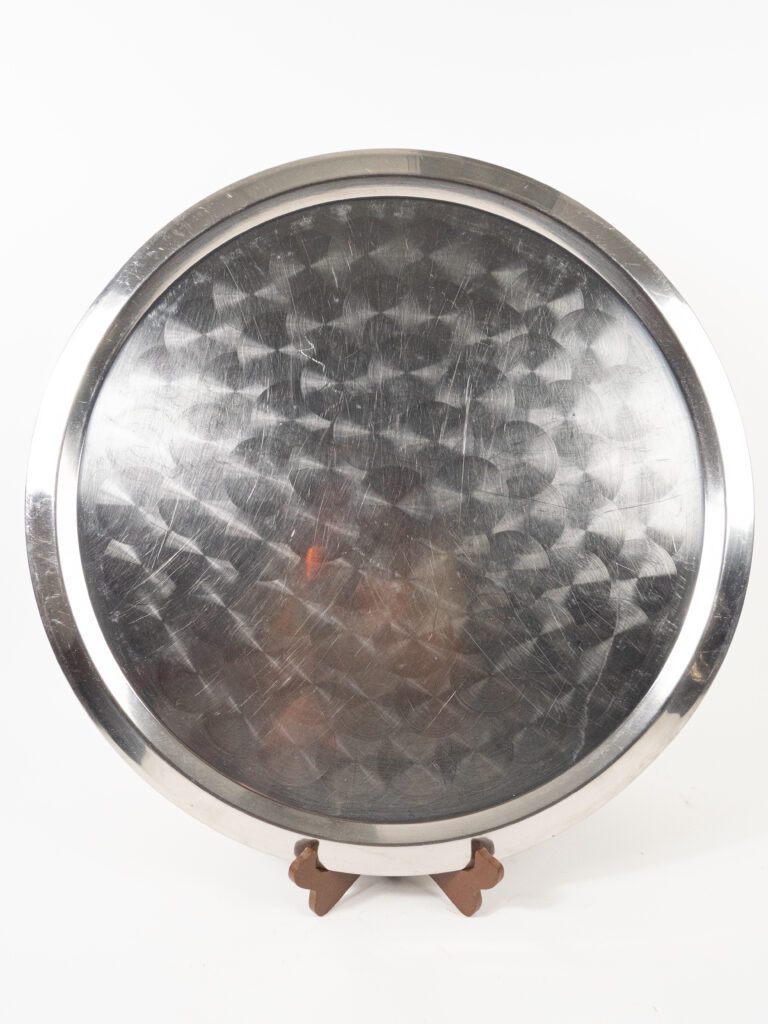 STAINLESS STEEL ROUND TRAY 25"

==

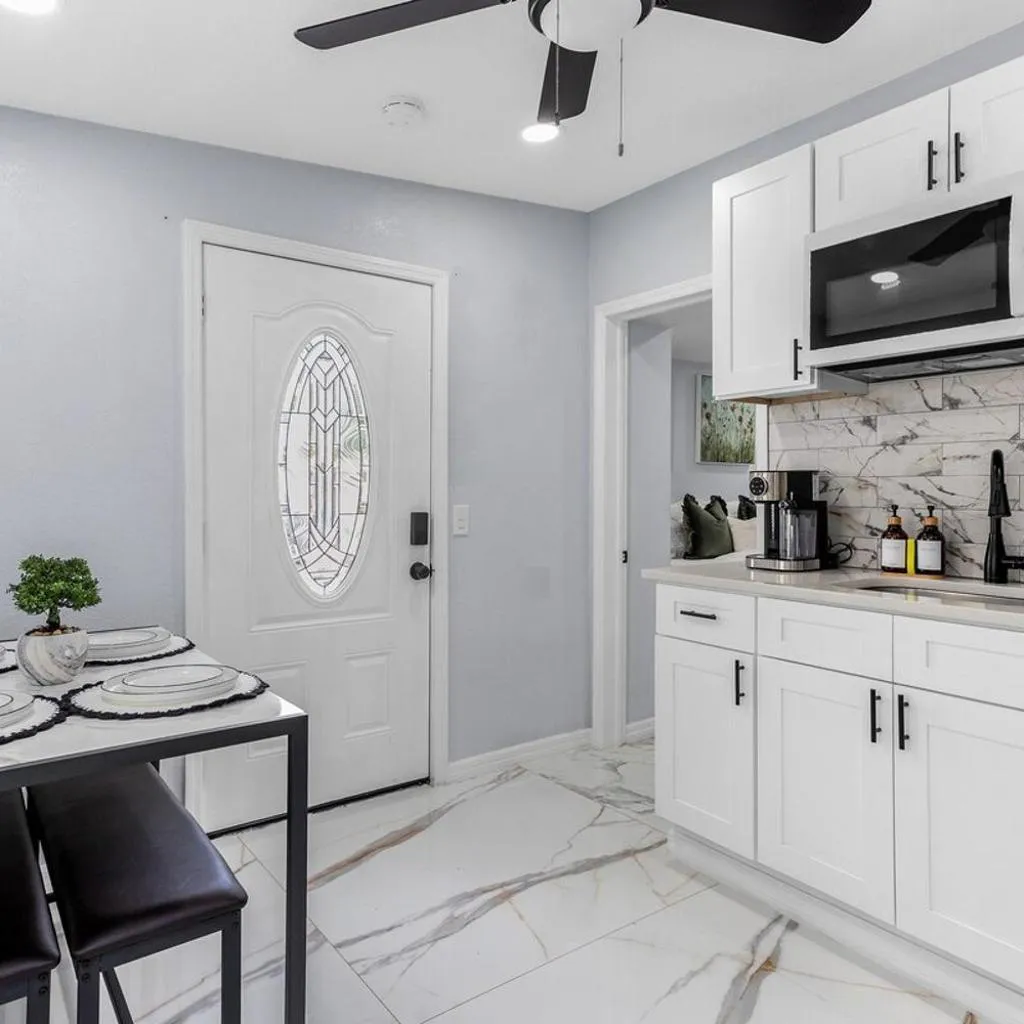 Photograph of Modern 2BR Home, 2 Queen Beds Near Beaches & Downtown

...

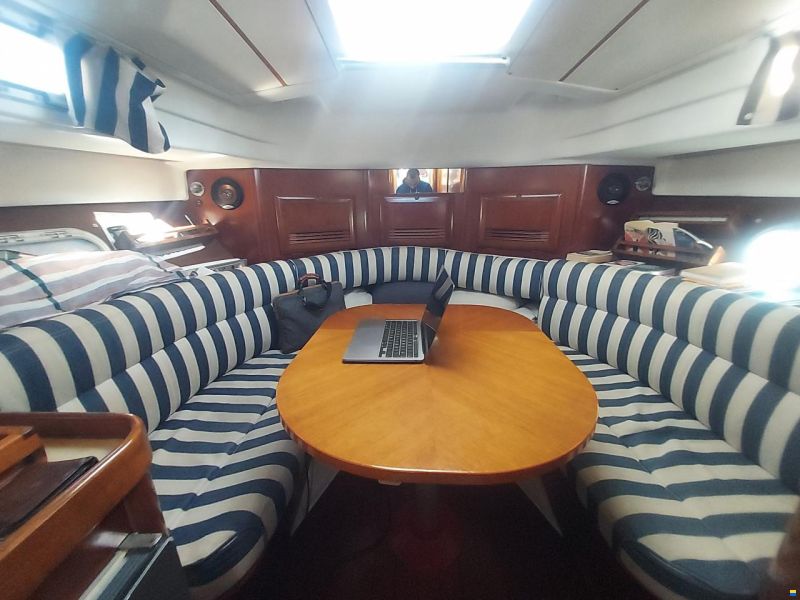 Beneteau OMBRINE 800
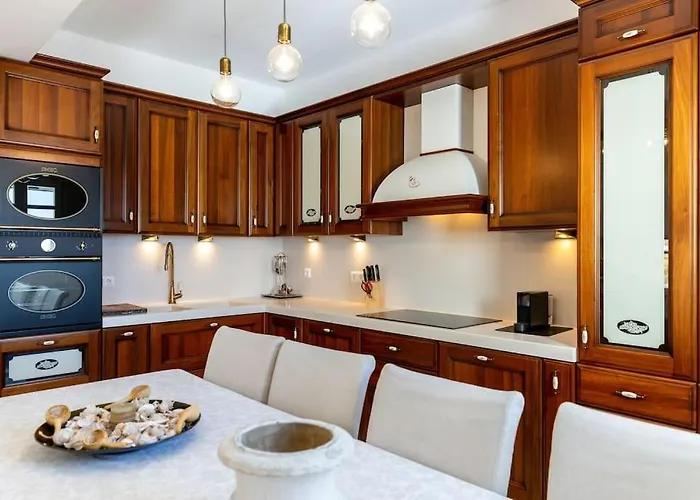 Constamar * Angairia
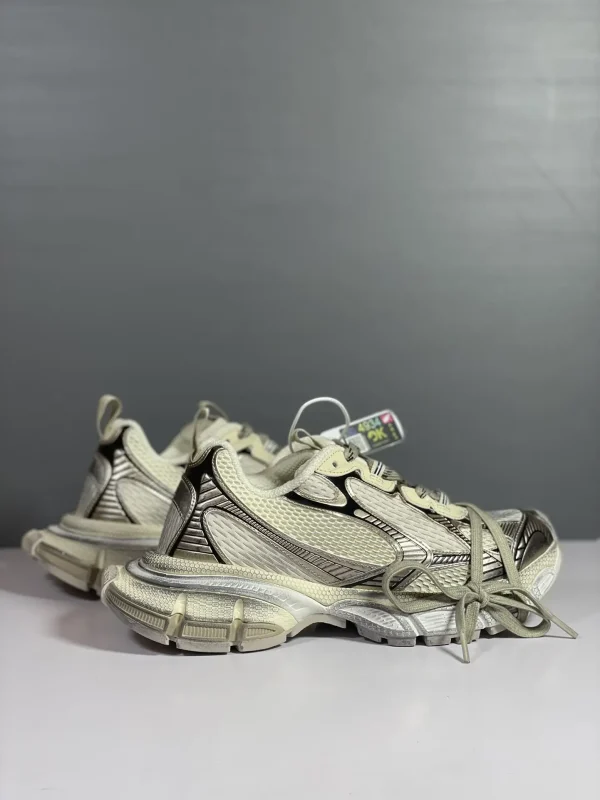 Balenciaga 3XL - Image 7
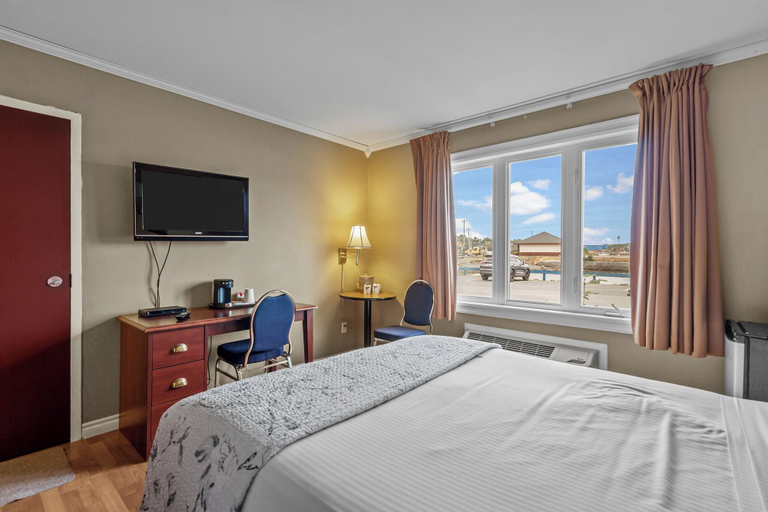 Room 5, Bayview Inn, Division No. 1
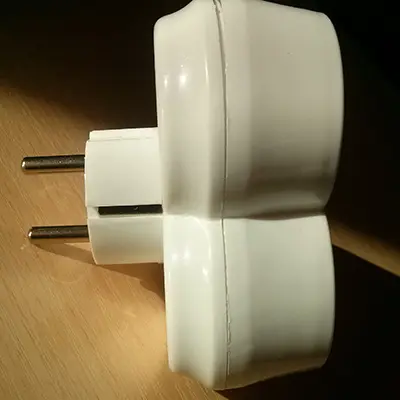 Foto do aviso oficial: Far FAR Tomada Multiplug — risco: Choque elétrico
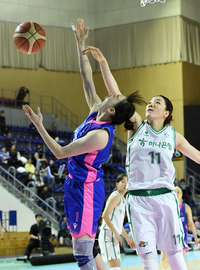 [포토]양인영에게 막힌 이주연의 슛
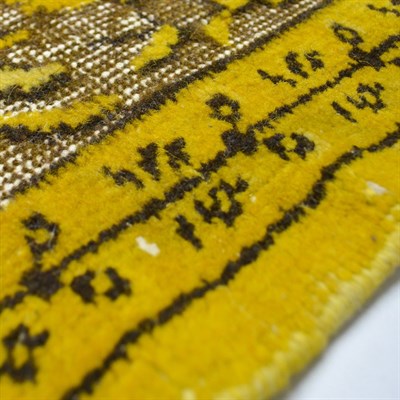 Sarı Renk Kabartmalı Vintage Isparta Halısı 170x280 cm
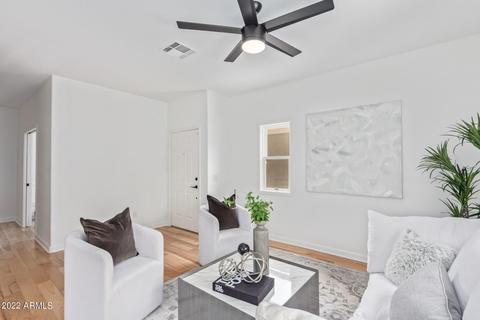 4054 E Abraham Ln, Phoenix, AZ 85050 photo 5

→ Task details
Beginning with the line above that contains "Balenciaga 3XL - Image 7" and ending with the line that contains "4054 E Abraham Ln, Phoenix, AZ 85050 photo 5", quote each line exactly, keeping out the pictures.

→ Exercise result
 Balenciaga 3XL - Image 7
 Room 5, Bayview Inn, Division No. 1
 Foto do aviso oficial: Far FAR Tomada Multiplug — risco: Choque elétrico
 [포토]양인영에게 막힌 이주연의 슛
 Sarı Renk Kabartmalı Vintage Isparta Halısı 170x280 cm
 4054 E Abraham Ln, Phoenix, AZ 85050 photo 5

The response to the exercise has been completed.